Vance, who has long been sceptical of foreign military interventions and outspoken about the prospect of sending troops into open-ended conflicts, set off Friday to lead mediated talks with Iran in the Pakistani capital of Islamabad.
“If the Iranians are willing to negotiate in good faith, we’re certainly willing to extend the open hand,” Vance told reporters before boarding Air Force Two to make his way to the talks in Pakistan. But he added, “If they’re gonna try and play us, then they’re gonna find that the negotiating team is not that receptive.”
Vance also said that Trump “gave us some pretty clear guidelines” on how talks should go, but he didn’t elaborate. He did not take questions from reporters travelling with him.
Vance’s trip comes as a tenuous, temporary ceasefire appears to be on the precipice of collapsing. The chasm between Iran’s public demands and those from the US and its partner Israel seem irreconcilable. And in the US, where Vance might ask voters in two years’ time to make him the next president, there is growing political and economic pressure to wrap it up.
Vance is joined by Trump’s special envoy Steve Witkoff and Trump’s son-in-law Jared Kushner, who took part in three rounds of indirect talks with Iranian negotiators aimed at settling US concerns about Tehran’s nuclear and ballistic weapons programs and its support for armed proxy groups in the Middle East before Trump and Israel launched the war against Iran on 28 February.
The White House has provided scant detail about the format of the talks — whether they will be direct or indirect — and has not provided specific expectations for the meeting.
But the arrival of Vance for negotiations marks a rare moment of high-level US government engagement with the Iranian government. Since the Islamic Revolution in 1979, the most direct contact had been when President Barack Obama, a Democrat, in September 2013 called newly elected Iranian President Hassan Rouhani to discuss Iran’s nuclear program.
Starmer calls ceasefire ‘fragile’
UK Prime Minister Keir Starmer held talks with top Qatari officials on a visit to the Gulf nation on Friday, discussing what he termed the “fragile” ceasefire in the Iran war.
Starmer said there was a sense “that more work is needed, that the Strait of Hormuz has to be part of the solution. A very strong sense that there can’t be tolling or restrictions on that navigation.”
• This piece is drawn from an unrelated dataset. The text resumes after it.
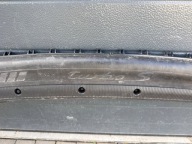 Porsche 991 12- spoiler předek přední Turbo S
Responding to US President Donald Trump’s threat to leave NATO, Starmer stressed that the trans-Atlantic alliance had kept members safe for decades, but added “there should be a stronger European element”.
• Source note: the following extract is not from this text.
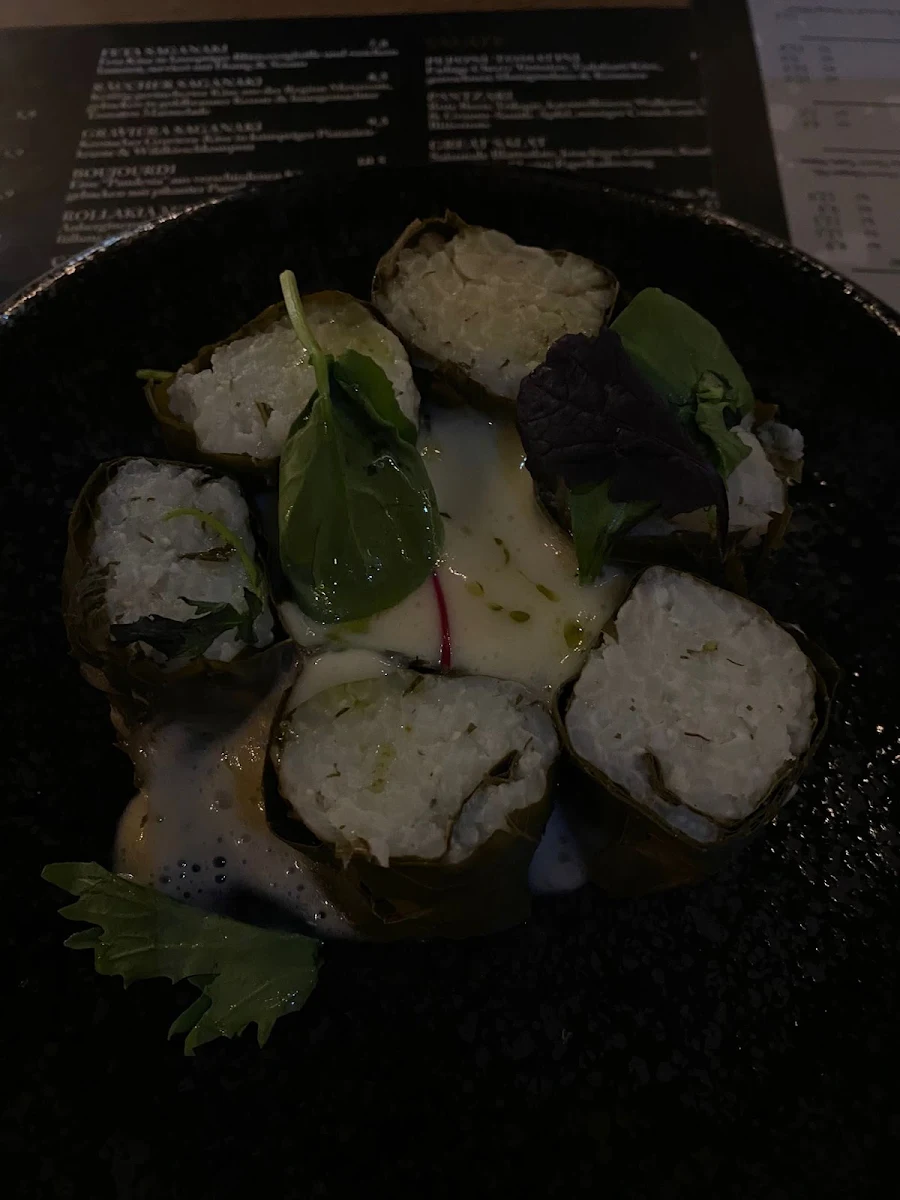Dolmadakia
Trump dubbed allies “cowards,” and said NATO was “a paper tiger.” After meeting with NATO Secretary-General Mark Rutte on Wednesday in the White House, Trump said NATO had not been there for the US and wouldn’t be there again if needed.
European leaders have remained on the sidelines of the US-Israel war with Iran but have tried to make their voices heard to help shore up a shaky ceasefire, quell fighting in Lebanon and reopen the Strait of Hormuz.
The war has put Europe in an uneasy position trying to maintain its support for the US as a key NATO ally and also withstand occasional blowback from Trump for not joining in the fight and offering limited use of its military bases.
Israel expels Spain from Gaza monitoring body
Israeli Prime Minister Benjamin Netanyahu on Friday expelled Spain from participating in a US-led international body monitoring Gaza.
“I have instructed today to remove Spain’s representatives from the coordination centre in Kiryat Gat, after Spain has chosen repeatedly to stand against Israel,” Netanyahu said.
A US-led multinational body that was created in October 2025 to monitor the implementation of the Trump-sponsored peace deal in Gaza and based in Kiryat Gat in southern Gaza.
Around 200 US troops are working alongside the Israeli military and delegations from other countries at the centre, planning the stabilisation and reconstruction of Gaza.
Netanyahu added that he will not allow any country with anti-Israeli policies to take part in efforts in the Middle East.
“I do not intend to allow any country to wage a diplomatic war against us without paying an immediate price.”